Hospitality Industry Top Winners and Losers in the Post-Crisis Era
By Max Starkov, Adjunct Professor NYU Tisch Center for Hospitality and Hospitality & Online Travel Tech Consultant
Here are the big winners as a result of the current coronavirus crisis:
1. Major Hotel Chains:
Hospitality has been moving from an industry of independent hotels to an industry dominated by major hotel chains for at least two decades now. Currently 8 global hotel brands dominate many major markets: already 70% of hotel rooms in the U.S. and 50% in the U.K. belong to branded properties. Post-crisis developers, owners and managers will flock in droves to the major chains, attracted by their deep pockets, ability to implement safety and cleanliness protocols, huge loyalty programs able to generate 58.3% of roomnights, dominance in the corporate travel and group markets, comprehensive technology stack, expertise in maintaining and increasing occupancy and RevPARs in post-crisis, unparalleled direct channel distribution, 2x lower OTA commissions and 3x-4x lower dependency on the OTAs.

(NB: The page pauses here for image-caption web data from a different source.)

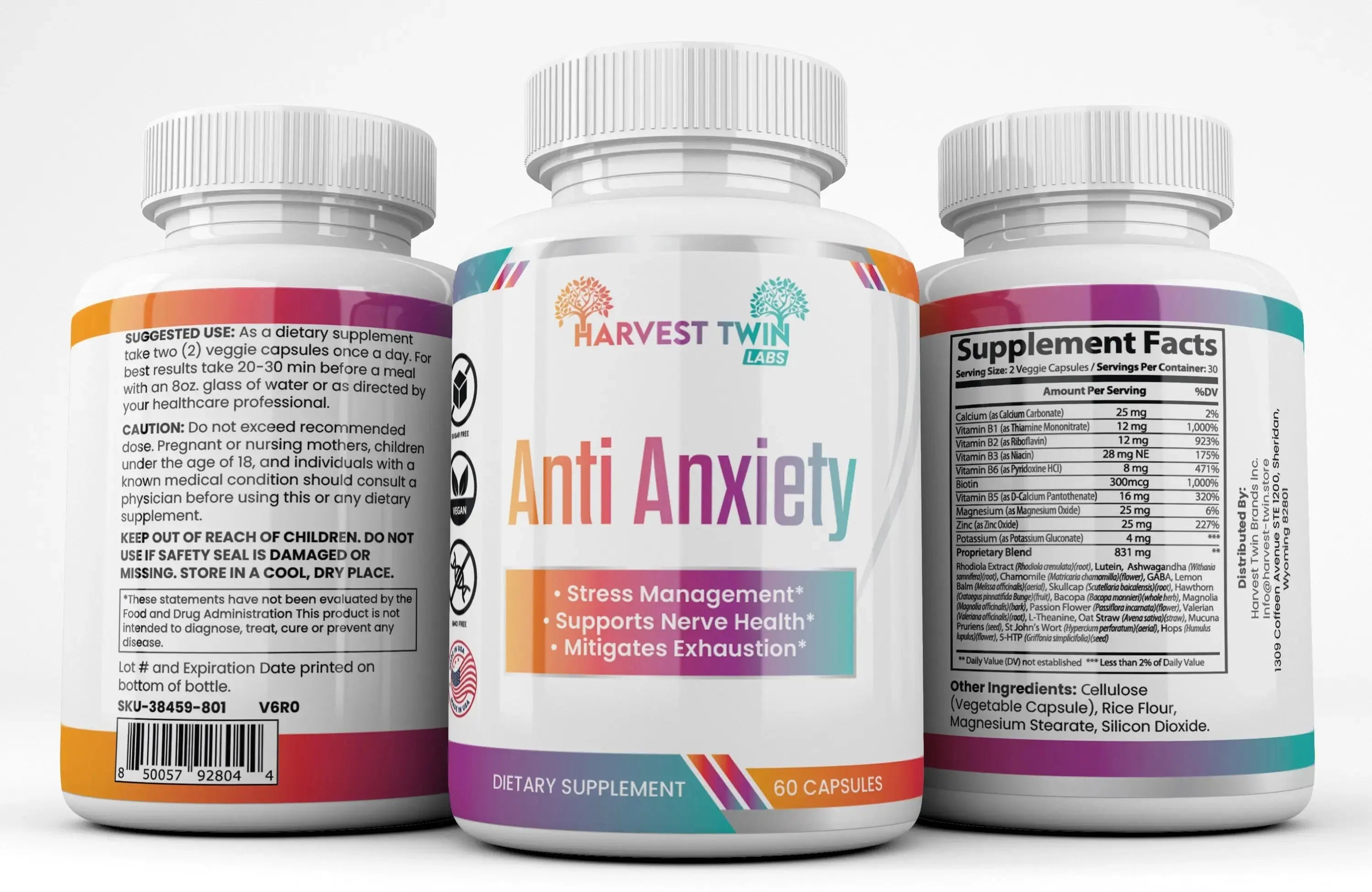 Anti-Anxiety Supplement for Stress Reduction, Cortisol Levels, Relaxation, and Mood Balance Harvest Twin Labs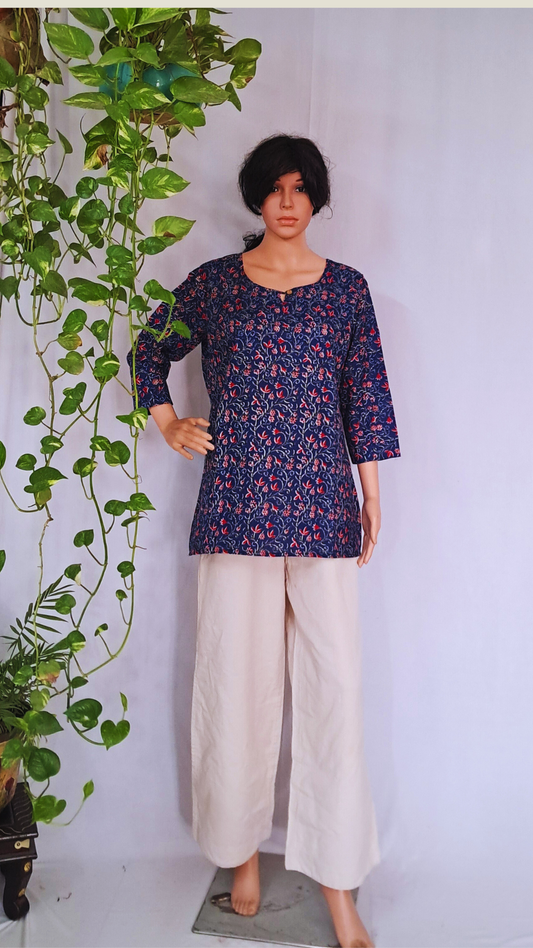 Navy Blue Short Kurti For Jeans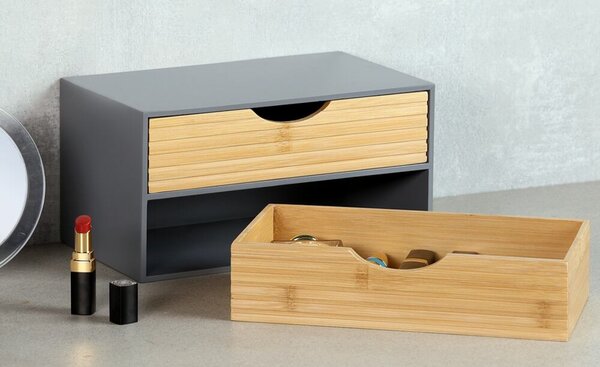 Organizer z 2 szufladami, szary/naturalny KESPER 58963
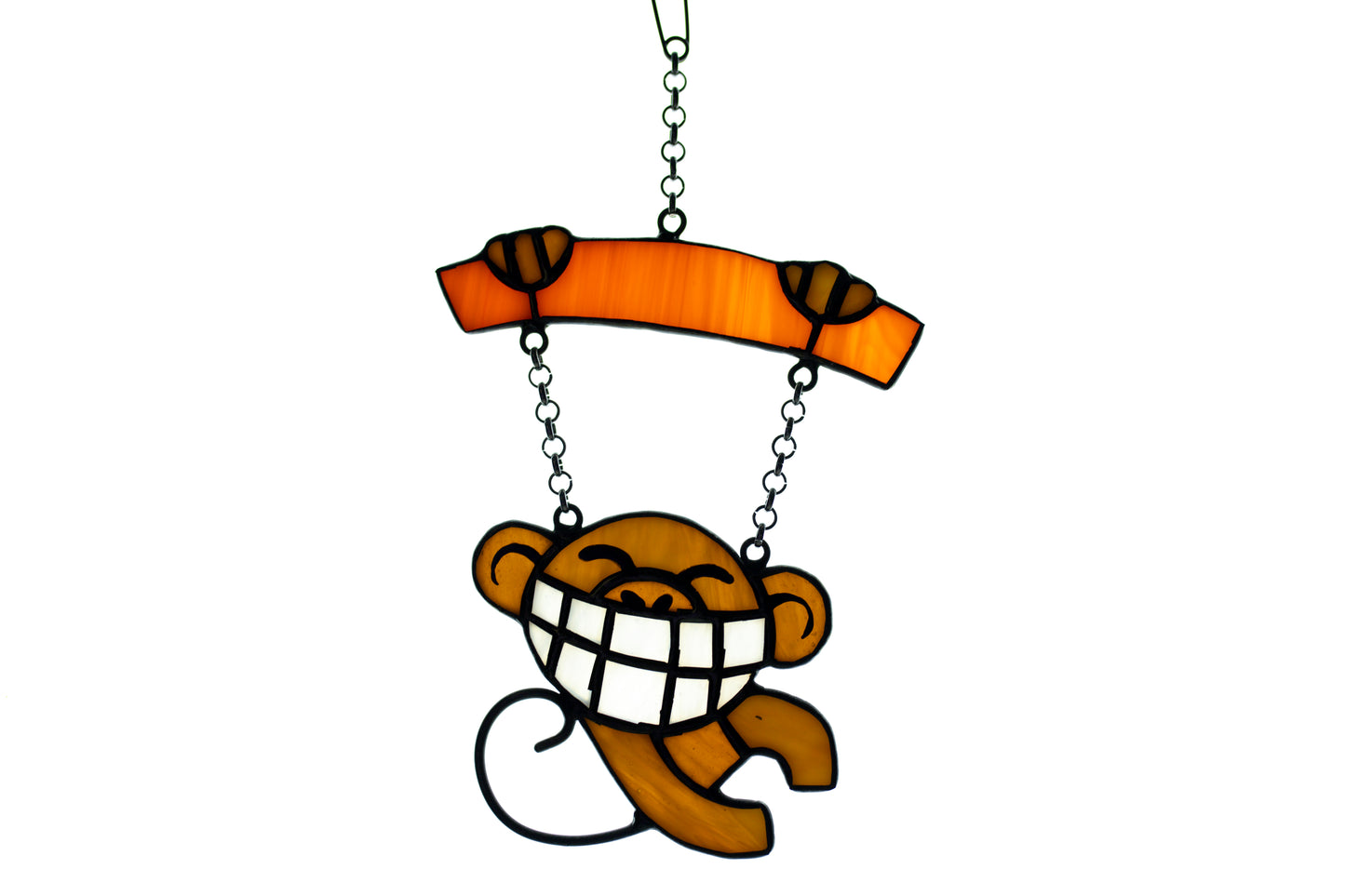 Funny monkey window hanging Stained glass suncatcher Window pendant Mother's day gift Christmas gift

The OTAs have emerged stronger after all of the previous crisis and calamities: 9/11, SARS, MERS, the recession, ZIKA, H1N1. Because of the shelter-at-home mandates around the world, the vast majority of the population - even late adopters - were forced to use online services to communicate and work or study remotely, search fir news or information, purchase goods and services, order food, communicate with friends and family, watch streaming services and entertain themselves. This "online planning and purchasing education" has created millions of converts and believers in online travel planning and booking, which will benefit the OTAs immensely.
3. Automation and Robotization of the Hospitality Industry:
With labor costs constituting 33%-38% of overall operational cost and top line revenues plummeting, owners and managers will be looking to curtail costs and boost efficiencies. Next gen technology applications, automation, robots and devices will be replacing or augmenting back office operations, housekeepers, porters, reservation staff, front desk clerks, concierges, porters, line cooks, wait staff, etc. with robots, automation, AI-powered mobile check-ins and self-check-in and self-ordering kiosks, chatbots, virtual concierges, mobile virtual assistants, IoT devices, messaging services for guest communications and issue resolution, etc.
Well-funded, cloud-native hospitality technology vendors that provide real value, innovations that solve concrete needs and issues and superb customer service will not only weather the storm, but will flourish in the post-crisis era. Next-gen tech vendors providing the industry with subscription-based applications and solutions to engage, acquire, service and retain guests, as well as API exchanges and marketplaces, will do especially well and benefit from the major consolidation expected in the hospitality tech sector.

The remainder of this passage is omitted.